Book Review: Season to Taste
By Natalie Young
Little, Brown, 2014
At one point in Natalie Young’s new novel Season to Taste, fifty-something Surrey housewife Lizzie Prain reflects on a typical moment in her thirty-year marriage to her bluff and clueless husband:
Their home, as she’d pointed out one evening by knocking on a wall, wasn’t caving in, and she, his loving wife, was sitting very still at the table with her eyes open and looking straight at him while holding up an oatcake with a slice of Brie, which managed to convey, she felt, that she wasn’t going anywhere, things weren’t running to cheese as he saw them in his mind. They were going to be all right.
But if things aren’t “running to cheese” in their marriage, it’s through precious little effort on Jacob’s part; by the point at which the novel opens, he’s been playing passive aggressive mind-games on Lizzie for decades, and her outrage has smoothed over into a dull, constant thud of resentment. Then one morning she walks up behind Jacob as he putters in the garden and caves in the back of his head with a spade.

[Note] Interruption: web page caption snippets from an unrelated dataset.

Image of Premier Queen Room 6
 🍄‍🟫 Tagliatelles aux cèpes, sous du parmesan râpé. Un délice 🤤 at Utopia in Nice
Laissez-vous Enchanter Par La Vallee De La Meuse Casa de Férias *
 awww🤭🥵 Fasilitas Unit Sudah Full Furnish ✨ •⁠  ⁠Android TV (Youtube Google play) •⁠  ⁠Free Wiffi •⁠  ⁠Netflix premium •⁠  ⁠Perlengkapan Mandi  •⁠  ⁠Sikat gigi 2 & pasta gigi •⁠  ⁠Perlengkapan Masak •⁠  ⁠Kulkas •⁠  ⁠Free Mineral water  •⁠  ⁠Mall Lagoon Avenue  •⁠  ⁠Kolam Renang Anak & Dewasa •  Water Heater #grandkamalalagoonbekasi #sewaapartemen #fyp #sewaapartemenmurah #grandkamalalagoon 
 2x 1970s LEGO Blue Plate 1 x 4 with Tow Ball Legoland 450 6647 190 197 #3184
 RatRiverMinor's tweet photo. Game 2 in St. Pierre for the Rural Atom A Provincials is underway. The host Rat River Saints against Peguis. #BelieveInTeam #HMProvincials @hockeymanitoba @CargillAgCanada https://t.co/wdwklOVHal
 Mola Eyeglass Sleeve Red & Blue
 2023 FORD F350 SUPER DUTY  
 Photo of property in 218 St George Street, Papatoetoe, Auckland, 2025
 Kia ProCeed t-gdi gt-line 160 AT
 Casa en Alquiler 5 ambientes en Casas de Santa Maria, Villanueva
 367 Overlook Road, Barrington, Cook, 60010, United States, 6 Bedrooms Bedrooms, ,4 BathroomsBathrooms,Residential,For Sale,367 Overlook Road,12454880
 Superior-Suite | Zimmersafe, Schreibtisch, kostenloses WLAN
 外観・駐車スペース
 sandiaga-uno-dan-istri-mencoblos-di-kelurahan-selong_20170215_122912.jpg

What Young provides for her readers from that point on is a steady-eyed and chillingly systematic urban legend that turns on one simple decision Lizzie makes. She looks at the body in the garden and imagines the inevitable consequences if she dragged it to the nearest forest and buried it, where it would be vulnerable to every random chance:
Then a dog or a walker would find him and that would be the end of it. In the future, a telephone would be ringing, a mobile lighting up on the kitchen table she’d chosen for herself online. She’d be called back from wherever she’d run to, brought back to the Surrey woos in a police car, forced to confront, sent down.
So she decides instead to strip his body, chop it into portable pieces, wrap and freeze the pieces, do a little research, and then cook and eat the bits. Young’s Lizzie is a consummate homebody, and like all consummate homebodies, she’s a dead-souled sociopath; she’s determined that she’s not going to jail for killing her husband, so she matter-of-factly embraces the task of consuming Jacob’s remains.
Young must have had quite a time explaining to friends and strangers the enormous amount of research she’s clearly done in order to make Lizzie’s epicurean adventures believable. We learn how to disjoint an adult body; we learn how to pare flesh, tendon, and muscle; we learn what oven settings are best for cooking calluses, viscera, and testicles. Young actually adds a garnish of plot here and there in these 250 pages, but she knows perfectly well her readers aren’t going to care about that – they aren’t going to be able to look away from the nightmarish central drama in which Lizzie Prain slowly eats her husband, rising to the kitchen challenges presented by each body-part in her freezer:
Out on the patio the barbecue was cleaned up and ready. Carrying the remainder of his lower right leg and knee under her arm, she went to the shed for the axe, then put the leg on the ground and made a clean break through the smooth-shaven shin. Now it was in two manageable pieces, each a bit longer than her own hand. Lizzie wrapped them securely in foil, and then lifted the pieces onto the barbecue. They nestled in among the coals. Black pepper, she thought. And lemon juice.
“She’d found there was a rhythm to this,” Young narrates. “She was settling in. It was nearly spring. She got some wood from the garage to make a bonfire on the lawn.” And the book finds a rhythm to it as well, but it’s mighty fragile; Young is a master of deadpan narration, and Season to Taste is addictive reading, but the animating conceit is as evanescent as most revelation-horror (recall how riveting you found the climactic meal in Thomas Harris’s Hannibal the first time you read it – and how vaguely silly you found it the second time). You can only shudder once at Lizzie’s first casserole – but you will shudder, and that’s no mean feat of storytelling and no slight recommendation.